The insurance company is processing claims from American Electric
Power’s nuclear station in Bridgman, Mich., the South Texas Nuclear
Project and California’s San Onofre nuclear power station.
Adding in Crystal River, NEIL and its member utilities — and by
extension their customers — are potentially looking at a huge
financial hit. ” This,” said Cooper, the economist, “is an ugly story.”
Progress Energy Shares the Costly Pain of a Fix at Nuclear Power
Plant, News Chief.com By IVAN PENN TAMPA BAY TIMES, January 2, 2013
The crippled Crystal River nuclear plant, owned by Progress Energy, is
now America’s headache. The bill to fix it and pay for replacement
power may top $5 billion. The problem?
The company that insures all 104 U.S. nuclear power plants has just
$3.6 billion on hand to pay for claims.
Broken nuclear plants in California, Texas and Michigan will vie for
some of that money. But Crystal River alone represents such a
financial threat that the insurance company, Nuclear Electric
Insurance Ltd., may demand that its member utilities pony up more
money. And it could be a lot more — and quickly. NEIL is allowed to
raise as much as $2 billion from its members in just 20 days, said
insurance rating and information agency A.M. Best Co. Inc., in a
recent report on the insurer.
NEIL has remained mum on how it will proceed, but it has acknowledged
that the damaged Crystal River plant is one of the industry’s
“high-visibility events” along with, among others, Japan’s Fukushima
Daiichi nuclear disaster. It is also the largest claim in NEIL’s
30-year history.
“The Crystal River … damage clearly is a significant matter for
Progress Energy, and is a potentially material claim for NEIL,” the
Bermuda-based insurer noted. The company added that there remains
“substantive financial uncertainty stemming from the ongoing review of
the Crystal River claim.” Mark Cooper, senior research fellow for
economic analysis at the Institute for Energy and the Environment at
Vermont Law School, viewed NEIL’s assessment as ominous……

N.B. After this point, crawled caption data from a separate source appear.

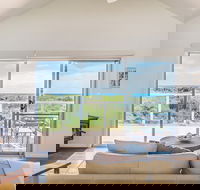 Magic Beach - Lightning Ridge Tourism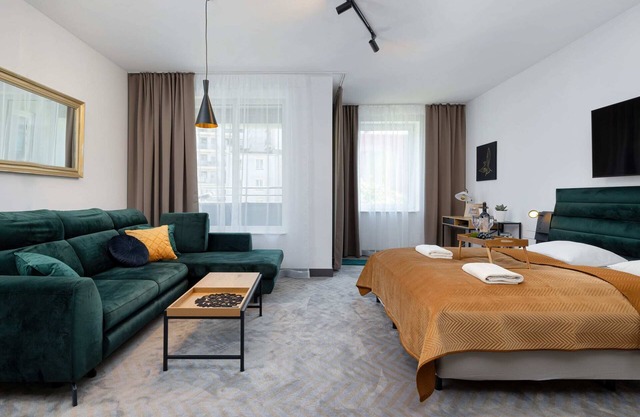 Portowa 18 Kołobrzeg | Studio Deluxe in Etna Hotel with Balcony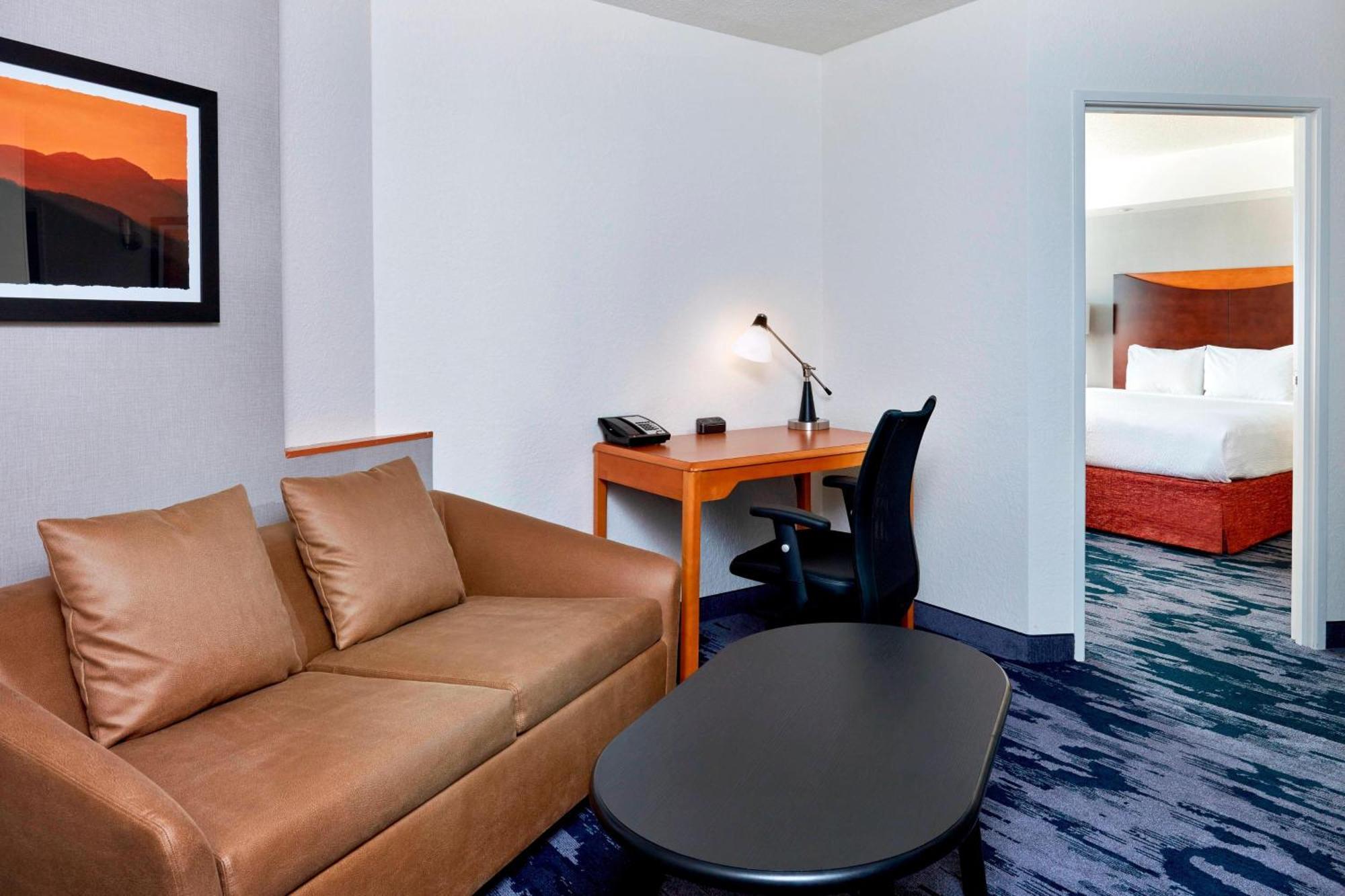 Hotel Fairfield Downtown 3*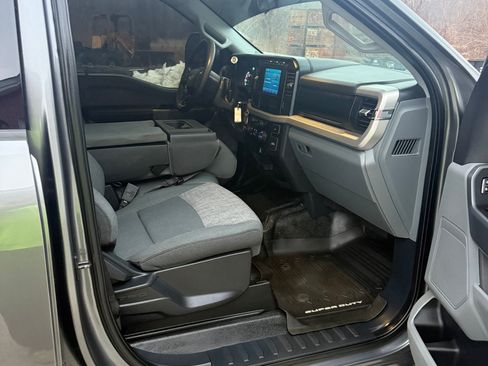Used 2024 Ford F250 XLT w/ 360-Degree Camera Package image 8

At stake is the future of Progress Energy Florida’s sole nuclear
plant….. Progress and its new parent company, Duke Energy, must
decide whether to repair the plant or permanently shut down the
reactor……..
Duke Energy became so troubled about Crystal River that the utility
cited the broken plant as one of the reasons the company fired former
Progress Energy CEO Bill Johnson just hours after he took control of
the merged companies on July 2. The utility’s board members said they
had a “loss of confidence” in Johnson in part because of the handling
of the nuclear fleet.
Arnie Gundersen, a nuclear engineer who serves as an expert witness on
utility matters before state and federal regulators, said he cannot
see NEIL paying the full tab for repairs or replacement power on the
plant.
“I don’t think they want to establish the precedent,” Gundersen said,
“of paying for one member’s screwup.”…… As a mutual insurance
company, NEIL’s members agree to cover each other in the event of a
catastrophe. NEIL, which formed in 1980 in response to the Three Mile
Island disaster and later merged with an older nuclear insurer,
Nuclear Mutual Limited, can draw on the owners of all 104 nuclear
plants in the United States…… NEIL could also charge the power
companies hundreds of millions more to cover any shortfall the insurer
faces from claims.
Every utility insured by NEIL agrees to pay as much as 10 percent of
its annual premiums to cover claims that exceed NEIL’s available cash.
Those payments can reach a total of $2 billion, based on premiums
power companies pay, A.M. Best stated in its report on NEIL.
SHIFTING COSTS
Utility companies pass those costs onto their customers, making
Crystal River’s failed do-it-yourself maintenance project a nationwide
responsibility…… And Crystal River isn’t the only concern. Most of
the 104 reactors in the United States were built in the 1970s and
early 1980s. They are starting to show their age, a fact that is
adding additional pressure to NEIL’s bottom line.
The insurance company is processing claims from American Electric
Power’s nuclear station in Bridgman, Mich., the South Texas Nuclear
Project and California’s San Onofre nuclear power station.
Adding in Crystal River, NEIL and its member utilities — and by
extension their customers — are potentially looking at a huge
financial hit.
” This,” said Cooper, the economist, “is an ugly story.”